Encore un truc de Blancs ça de vouloir prévoir le temps.
Et puis d'abord si tu voulais du soleil et des sauts de baleines t'avais qu'à aller en Californie.
Ici, à bord du Manguier, on cultive la PHILOSOPHIE. Notre captain', parfois il nous sort de ces citations poétiques !!! Du style heuu : " Vagabundo, il n'y a pas Un Chemin mais c'est en marchant que tu trouves ton chemin… " en plus il te le sort en espagnol, ça te scie ! ah tiens ! ça m'en rappelle un du même genre : Lao Tseu : " Le parfait voyageur ne sait où il va ".

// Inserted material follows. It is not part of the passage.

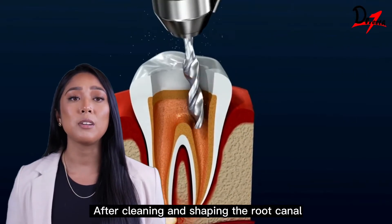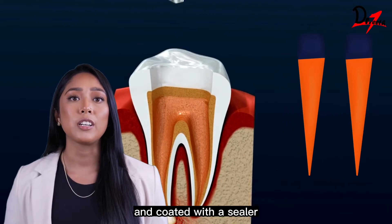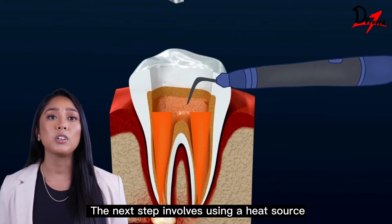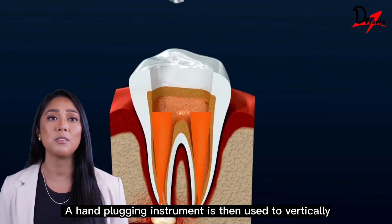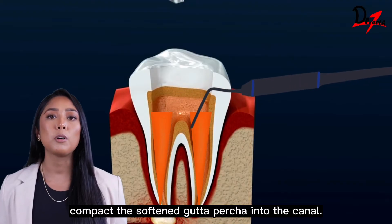After cleaning and shaping the root canal, a master gutta percha cone is selected and coated with a sealer for improved adhesion and sealing ability. A heat source such as a heat carrier or heated plugger is used to soften the gutta percha within the canal. A hand-plugging instrument is then used to vertically compact the softened gutta percha into the canal.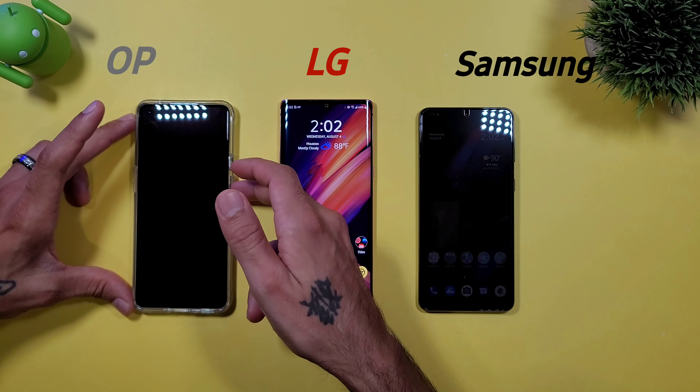Which one is better and which one has the most features as far as customization and being able to change all your different clocks? We're going to jump down into each one — how OnePlus does it, how LG did it or still does it on their existing phones. On Samsung we've got the S21+, the LG Velvet, and the OnePlus 9 Pro. Before we get started, go ahead and subscribe and hit that bell icon so you get notified on future videos. If you end up liking this video, give it a thumbs up at the end.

Ben somme toute, pas mécontente de ne pas avoir assisté à une scène de carnage grandeur nature entre killer whale et baleine grise. On leur souhaite bonne route et surtout bonne bouffe en mer de Behring (puisqu'elles y vont pour faire du lard).
Nous, on repart vers les Iles Shumagin par le chemin des écoliers. Aujourd'hui, battant la dune entre rivage, ours brun et lagune sur fond de montagne éclatante de neige, on a trouvé des centaines de fraises en formation, dorlotées par le sable et la mousse. A chaque jour suffit son lot d'émerveillements…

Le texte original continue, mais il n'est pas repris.